Fermilab's Main Injector, two miles (3.3 km) in circumference, is the laboratory's most powerful particle accelerator.[2] The accelerator complex that feeds the Main Injector is under upgrade, and construction of the first building for the new PIP-II linear accelerator began in 2020.[3] Until 2011, Fermilab was the home of the 6.28 km (3.90 mi) circumference Tevatron accelerator. The ring-shaped tunnels of the Tevatron and the Main Injector are visible from the air and by satellite.
Fermilab aims to become a world center in neutrino physics.
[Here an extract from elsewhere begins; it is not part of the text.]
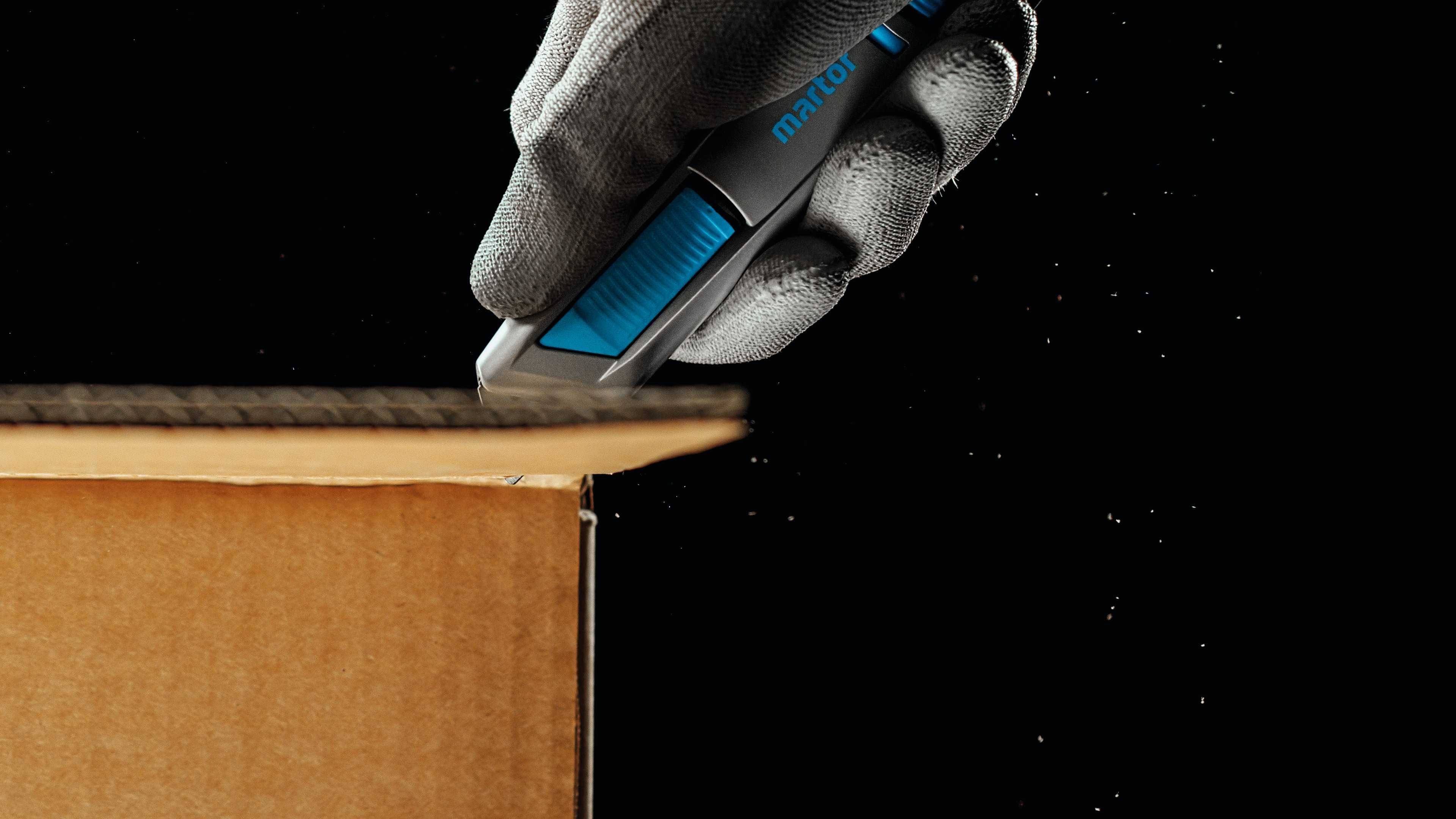 A gloved hand carefully cuts the top of a cardboard box with a blue utility knife against a black background.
It is the host of the multi-billion dollar Deep Underground Neutrino Experiment (DUNE) now under construction.[4] The project has suffered delays and, in 2022, the journals Science and Scientific American each published articles describing the project as "troubled".[5][6] Ongoing neutrino experiments are ICARUS (Imaging Cosmic and Rare Underground Signals) and NOνA (NuMI Off-Axis νe Appearance). Completed neutrino experiments include MINOS (Main Injector Neutrino Oscillation Search), MINOS+, MiniBooNE and SciBooNE (SciBar Booster Neutrino Experiment) and MicroBooNE (Micro Booster Neutrino Experiment).
On-site experiments outside of the neutrino program include the SeaQuest fixed-target experiment and Muon g-2. Fermilab continues to participate in the work at the Large Hadron Collider (LHC); it serves as a Tier 1 site in the Worldwide LHC Computing Grid.[7] Fermilab also pursues research in quantum information science.[8] It founded the Fermilab Quantum Institute in 2019.[9] Since 2020, it also is home to the SQMS (Superconducting Quantum Materials and Systems) Center.[10]
Due to serious performance issues over the period of a decade, the Department of Energy established new management for Fermilab on January 1, 2025.[11][12] [13] Fermilab is currently managed by the Fermi Forward Discovery Group, LLC (FFDG). This consortium is led by the 2007-2024 management group, the Fermi Research Alliance (FRA), with Amentum Environment & Energy, Inc., and Longenecker & Associates as new additions. Due to the management crisis, the Director of the Laboratory, Lea Merminga, resigned on January 13, 2025 and is temporarily replaced by Acting Director Young-Kee Kim, from the University of Chicago.[14]
Fermilab is a part of the Illinois Technology and Research Corridor. Argonne National Laboratory, which is another US DOE national laboratory that is located approximately 20 miles away.
Asteroid 11998 Fermilab is named in honor of the laboratory.